Neither Barrionuevo nor Lopez would comment publicly about the incident.
Despite her seeming attempts to control information--as well as the people around her--Gonzalez has won some powerful and enthusiastic fans.
"I think she is intelligent and dedicated," says Kathleen Leos, the DISD board president and one of Gonzalez's closest allies. "She never takes the focus away from education."
Gonzalez has out-of-town supporters as well. "You need a strong leader like Yvonne," says Charles Miller, who hosted Gonzalez's cabinet in his home. Miller, who maintains business contacts in Dallas and serves on a state education board, has known Gonzalez since she was in Houston. "If you give her a chance, you'll get positive reform," he says. When asked about Gonzalez's office renovations brouhaha, Miller, echoing the sentiments of board supporters such as Leos and Roxan Staff, shifts the blame back to the press. "The whole thing is a 'gotcha' attitude," he says. "Why don't you focus on the kids?"
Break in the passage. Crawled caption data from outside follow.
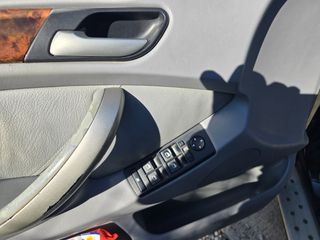 Bmw X5 2006 .-thumb-10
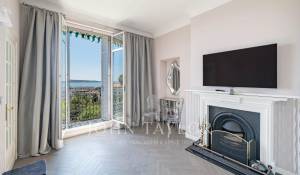 Venta Piso Cannes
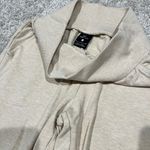 Nike  Women's YOGA Flow 7/8 Pants Size S Photo 2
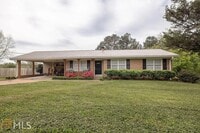 Building Photo - 295 Vincent Dr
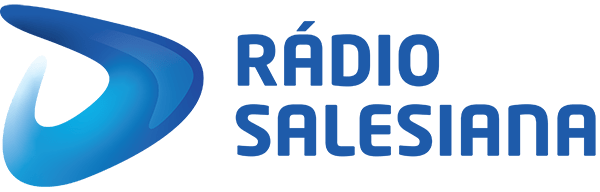 Rádio Salesiana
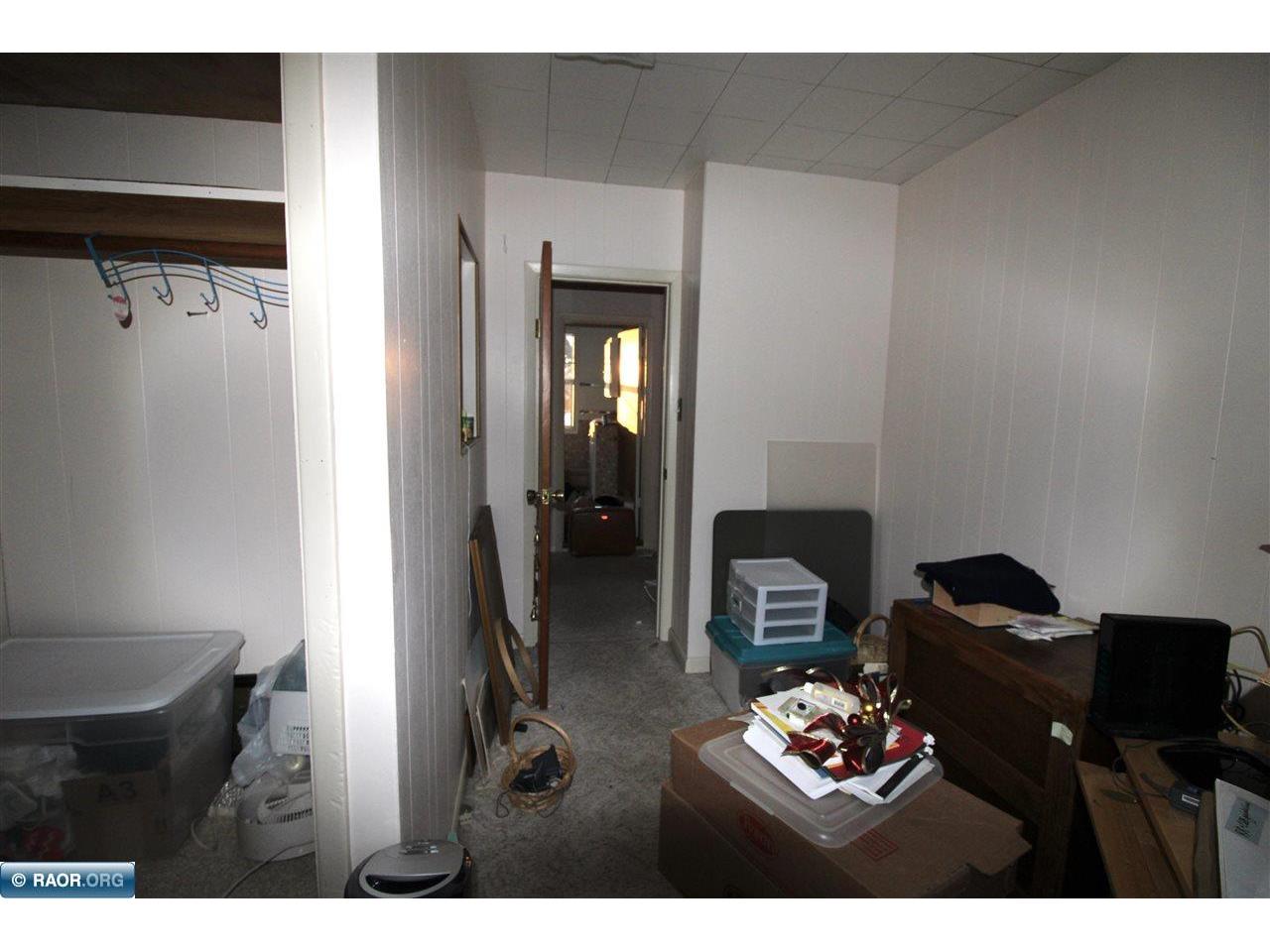 2519 3rd Avenue E Hibbing MN 55746 149515 image16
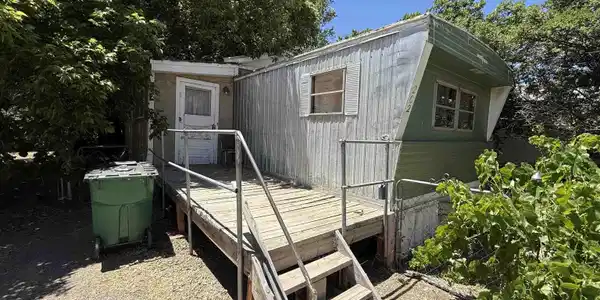 202 Riverside Avenue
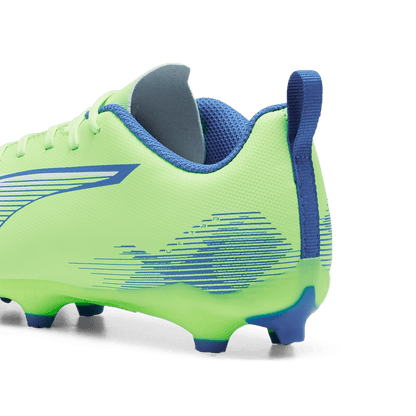 Puma Fußballschuhe Ultra 5 Ultimate FG - machsport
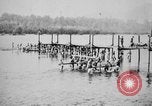 Image of Corpo Celere Italy, 1929, second 34 stock footage video 65675043278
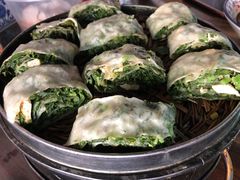 -茯茶镇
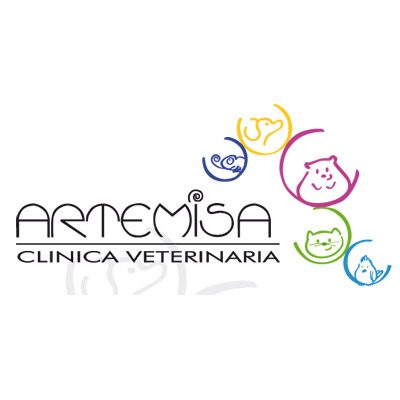 Clinica Veterinaria Artemisa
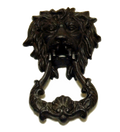 Llamador Simba Ashico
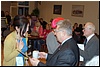 wielkopolanki_2014_598.jpg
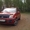 Продажа Ford Fusion #290495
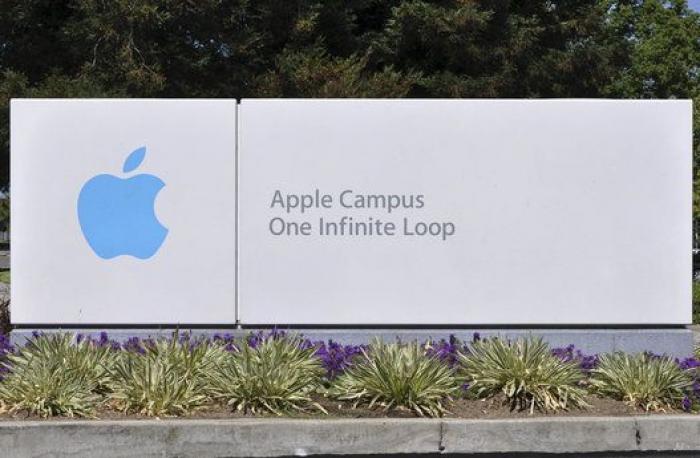 El día que Samsung jugó a ser Apple y otras novedades tecnológicas (FOTOS)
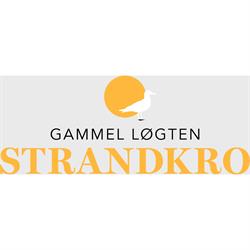 Gammel Løgten Strandkro ApS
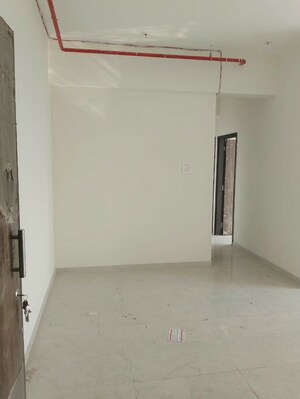 Room in 3 BHK Apartment at DGS Sheetal Elara, Lokhandwala – for Sale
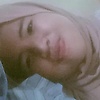 nadira_23478
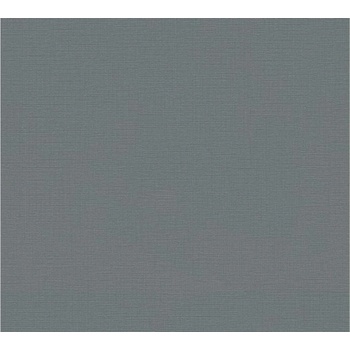 A. S. Création Влизелинов тапет за стена happy spring 34772-4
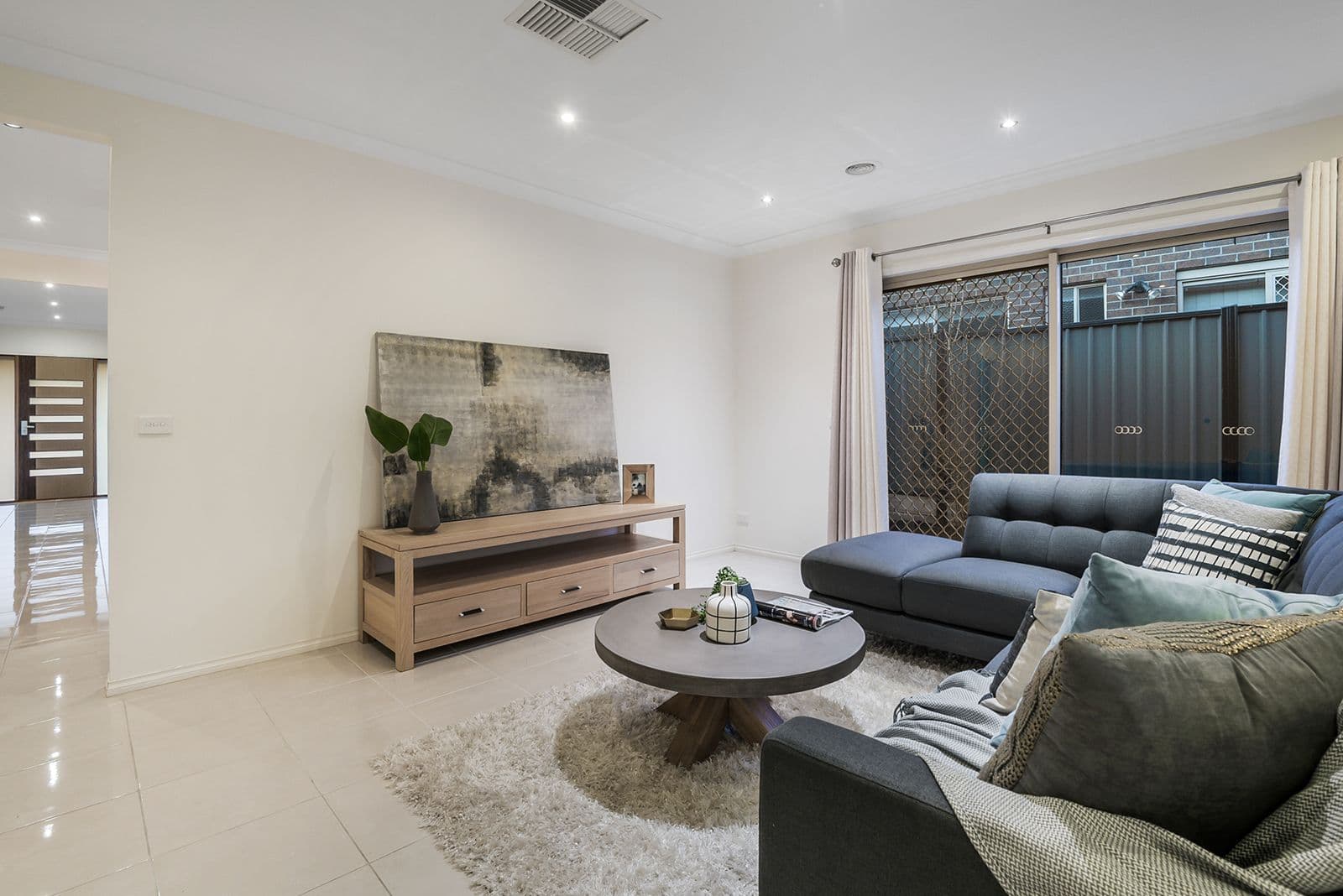 154 Newbury Boulevard, Craigieburn VIC 3064, Craigieburn - Thumbnail 8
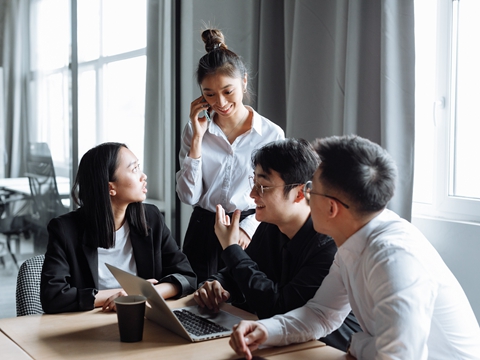 C-Corp控股LLC：合法節(jié)稅的最優(yōu)組合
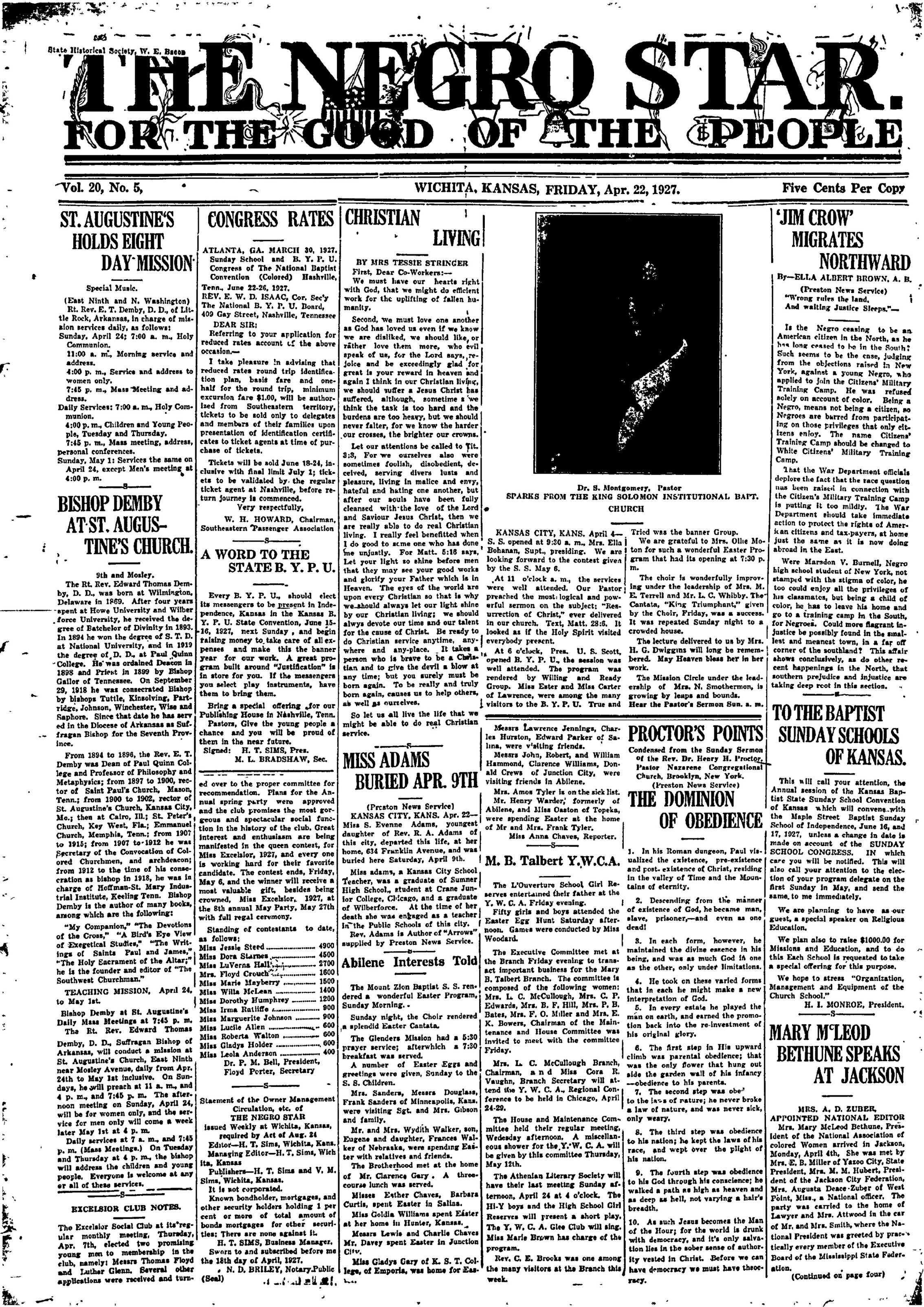 Page 1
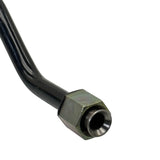 3625416C1 Genuine International Power Steering Tube - Truck To Trailer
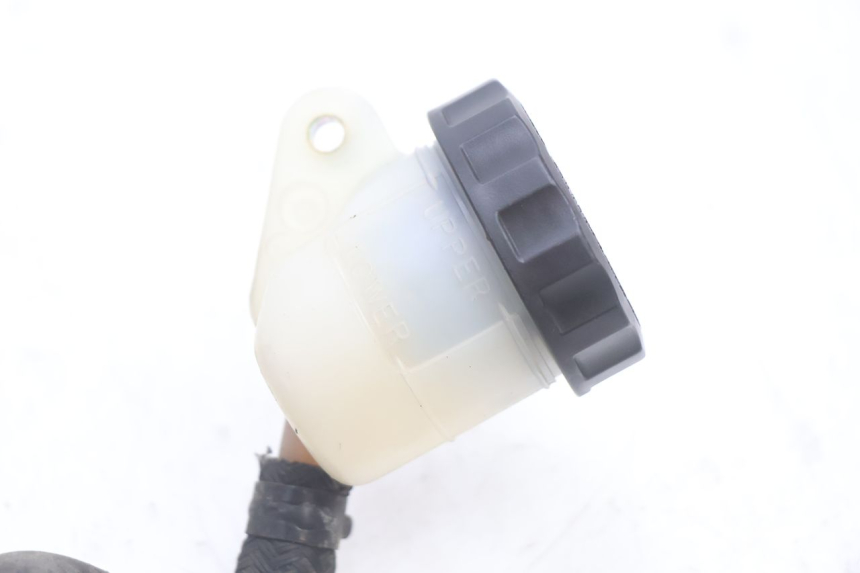 photo de TYLNY CYLINDER HAMULCOWY HONDA VFR FI RC46 800 (1998 - 2001) - Zoom stanu zużycia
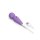 Le Wand Mini Micro Wand Violet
Indeed, no one who cares about civic progress and racial harmony would wish failure upon the superintendent. DISD needs a leader with the guts to tackle head-on the longstanding racial tensions within the district. It could use a relentless reformer who will overhaul the district, cutting out the waste, the whiners, and those who seek to divert attention away from the daily needs of 155,000 schoolkids.
But Gonzalez's actions as superintendent so far--apart from her public-relations mishaps and bad math--raise a deeper issue: Is she a reformer, or, as the teachers in one of her former school districts charged, an empire builder?
In this year's proposed budget, she offered teachers only a modest salary increase. Under that plan, a teacher with 18 years of experience would get a 6.6 percent raise--or $2,390. Ultimately, trustees coaxed more out of her, giving a teacher at the same level an increase of 8.7 percent, or $3,190.
Behind the scenes, however, Gonzalez has handed out liberal raises to several administrators who are in a position to help her tremendously. Paul Lilly, one of the investigators on the internal probe, for instance, received a whopping salary increase this past year--from $24,000 to $42,000, according to documents obtained by the Observer. (Lilly concedes that the jump was steep, but says he went from a job title that didn't require a college degree to one that did.)
In the research and evaluation division--whose staff is charged with calculating and compiling crucial reports about the district's test scores, the kind of information that can make or break a superintendent--Gonzalez has been more than generous. Out of 34 professionals in that department, 16 have received raises of more than 10 percent this year. One staff member went from a $52,000 salary to $72,000, according to DISD financial documents.